Principal English Translation:
fruit, in general; or, bananas (see Karttunen)
Frances Karttunen:
XŌCHIHCUAL-LI fruit in general; banana / fruta generalmente (M), platano (Z) In C and Z this is abundantly attested and consistently with a glottal stop between the two component elements. In T it is attested only once and without the glottal stop, but the loss of internal glottal stops is characteristic of T. The specific sense ‘banana’ is common to Z and Nahuatl of the Huasteca, areas where bananas are intensively cultivated. See XŌCHI-TL, CUAL-LI.

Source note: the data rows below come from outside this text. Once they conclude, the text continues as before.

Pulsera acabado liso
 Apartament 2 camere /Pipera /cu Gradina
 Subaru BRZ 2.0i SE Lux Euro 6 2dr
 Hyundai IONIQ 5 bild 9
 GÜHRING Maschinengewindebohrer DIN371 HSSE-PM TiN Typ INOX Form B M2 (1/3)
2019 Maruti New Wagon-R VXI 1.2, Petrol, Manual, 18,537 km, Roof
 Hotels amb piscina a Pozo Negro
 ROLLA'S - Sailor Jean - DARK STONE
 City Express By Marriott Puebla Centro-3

Frances Karttunen, An Analytical Dictionary of Nahuatl (Norman: University of Oklahoma Press, 1992), 328.
Attestations from sources in English:
xōchicualli = fruit (lit., good [or edible; cf. cua] part of the flower)Michel Launey, An Introduction to Classical Nahuatl, translated and adapted by Christopher MacKay (Cambridge: Cambridge University Press, 2011), 169.
Attestations from sources in Spanish:
onictocac metl, xochicualcuahuitl = yo sembré magueyes y árboles de frutas (en un testamento modelo, imaginado)
Martín de León, Camino al cielo en lengua mexicana (Mexico: Diego López, 1611), f. 140r. Frase traducido por Stephanie Wood.
In tatli oyaya tlacencuiz ica xochicuali. = El padre iba a recoger fruta. (s. XX, Milpa Alta)
Los cuentos en náhuatl de Doña Luz Jiménez, recop. Fernando Horcasitas y Sarah O. de Ford (México: UNAM, 1979), 106–107.